Wow!  Where does the Rat part come in?

dherr
dherr Reader
2/20/18 9:23 a.m.

Scope creep..... the rat part was that this was supposed to be an engine swap in my old Spitfire. I will be keeping the old body and paint as part of the project, but the truth is this is a fully restored car under the "patina" of the Spitfire body. The Spitfire body will be rust free and have new floors and be coated with bed liner and bolted back on the restored chassis. So the goal is that this looks like an old "survivor" Triumph with some nice wheels on it. But in true "wolf in sheep's clothing" style, it  will be packing over 4 times the power of a stock Spitfire and have a rear suspension capable of handling the power. Acceleration calculators are showing around 4.5 second 0-60 times. It is going to be fun to lift the hood on this at the Import Show at Carlisle this year and see the reaction.

AWSX1686
AWSX1686 Dork
2/20/18 9:29 a.m.

In reply to dherr :

Oh fun! So the goal is driving before Carlisle? My goal is also to have mine running fairly well in time for Carlisle!

Ian F
Ian F MegaDork
2/20/18 9:31 a.m.

That'll be awesome if you can make it to Carlisle.  I'm planning to have my GT6 there along with the rest of the area NASS crew.  A whole row of Spits with the bonnets up is a fun thing to do.  Hope you will join us? 

dherr
dherr Reader
2/20/18 9:34 a.m.

So the challenge has been laid down! Gentlemen, start your engines! Okay, guess I need to get back to the garage and do a little more work. I do think I can get this on the road by May, the chassis will be completely done by the end of the month and then I just need to do the body, which is not too big of a deal since it is just limited to cutting out the floors and welding in the new pieces and then just painting and applying the bed liner to underneath and bolting the body back down.

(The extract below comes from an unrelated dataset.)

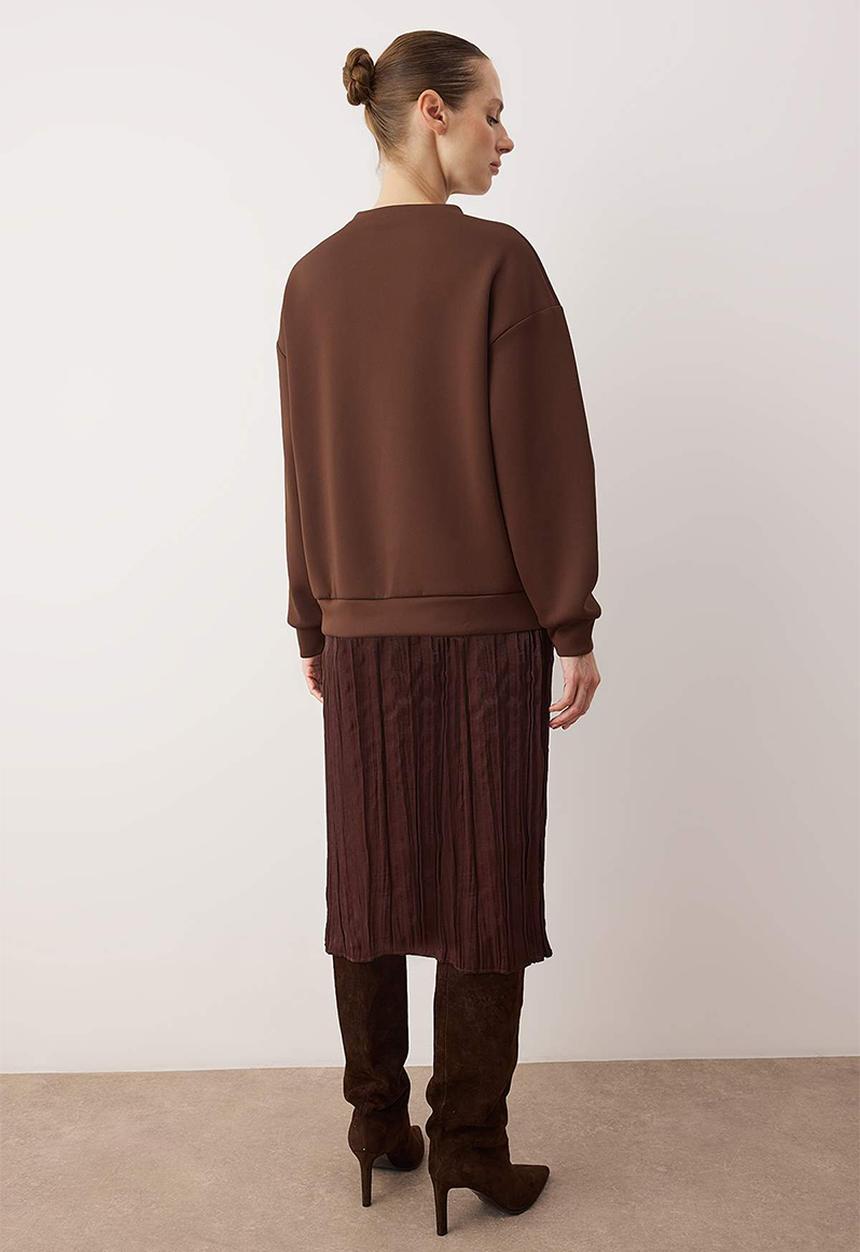 Trendyol - Double Fabric Sweat Knitted Dress - Brown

Then I can do the wiring and get it running and then hook up the remaining systems, but the bulk of the work will have been done. 

dherr
dherr Reader
2/20/18 9:38 a.m.
Ian F said:

That'll be awesome if you can make it to Carlisle.  I'm planning to have my GT6 there along with the rest of the area NASS crew.  A whole row of Spits with the bonnets up is a fun thing to do.  Hope you will join us? 

Yes, I plan on joining the  NASS club at the show, It does not appear to be current on the web site?

Ian F
Ian F MegaDork
2/20/18 9:40 a.m.

Cool.  Now we just need to talk foxtrapper into bringing his Spit out of the shed and parking with us and we can have a good "GRM-Spitfire (and a GT6)" gathering.   I'll see if I can get a friend to drive my Spitfire as well, then Doc Brown will also be represented in a distant way. 

JoeTR6
JoeTR6 HalfDork
2/20/18 9:51 a.m.
dherr said:

 I was not planning on running a PWDA (don't think they are on a 72?)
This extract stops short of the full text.